**Records shown:**
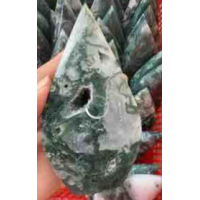 Flame - Large Teardrop Shape - Moss Agate (about 4 - 5 inches H) - 3 pcs pack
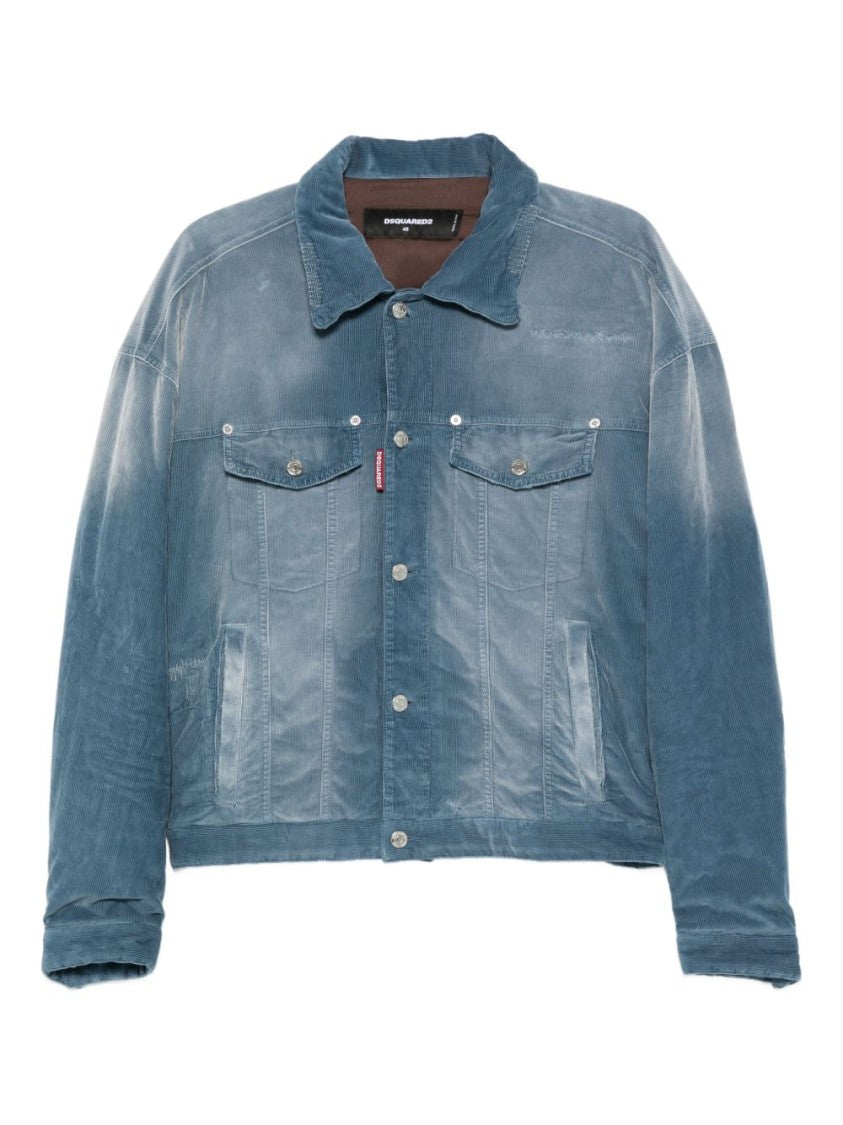 Dsquared2 Blue Button Flap Pocket Denim Jacket
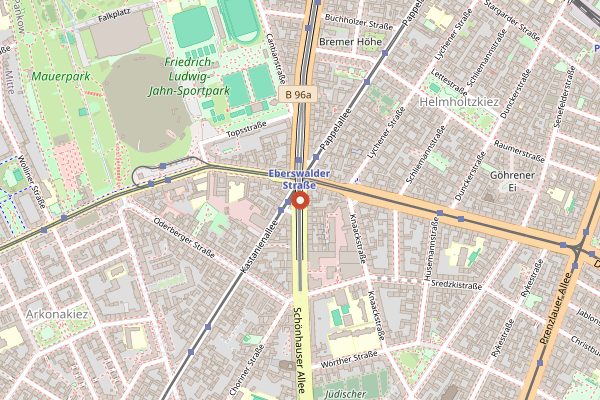 Map showing Konnopke's Imbiss in Berlin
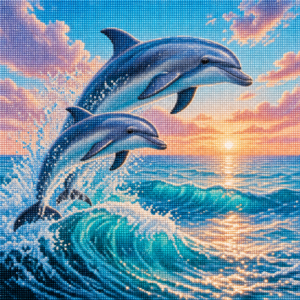 Diamond painting pakket met twee dolfijnen in turquoise zee bij zonsopkomst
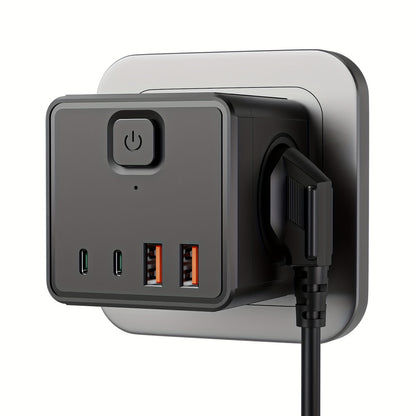 7-in-1 Wandstekkerdoos EU – Compacte Energieverdeler met USB & Type-C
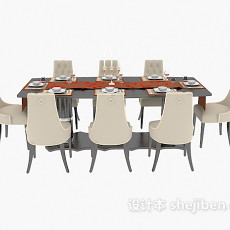 欧式家庭餐桌椅3d模型下载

**Task details:** In the copy, include each entry exactly as written and none of the pictures.

**Expected output:**
 Flame - Large Teardrop Shape - Moss Agate (about 4 - 5 inches H) - 3 pcs pack
 Dsquared2 Blue Button Flap Pocket Denim Jacket
 Map showing Konnopke's Imbiss in Berlin
 Diamond painting pakket met twee dolfijnen in turquoise zee bij zonsopkomst
 7-in-1 Wandstekkerdoos EU – Compacte Energieverdeler met USB & Type-C
 欧式家庭餐桌椅3d模型下载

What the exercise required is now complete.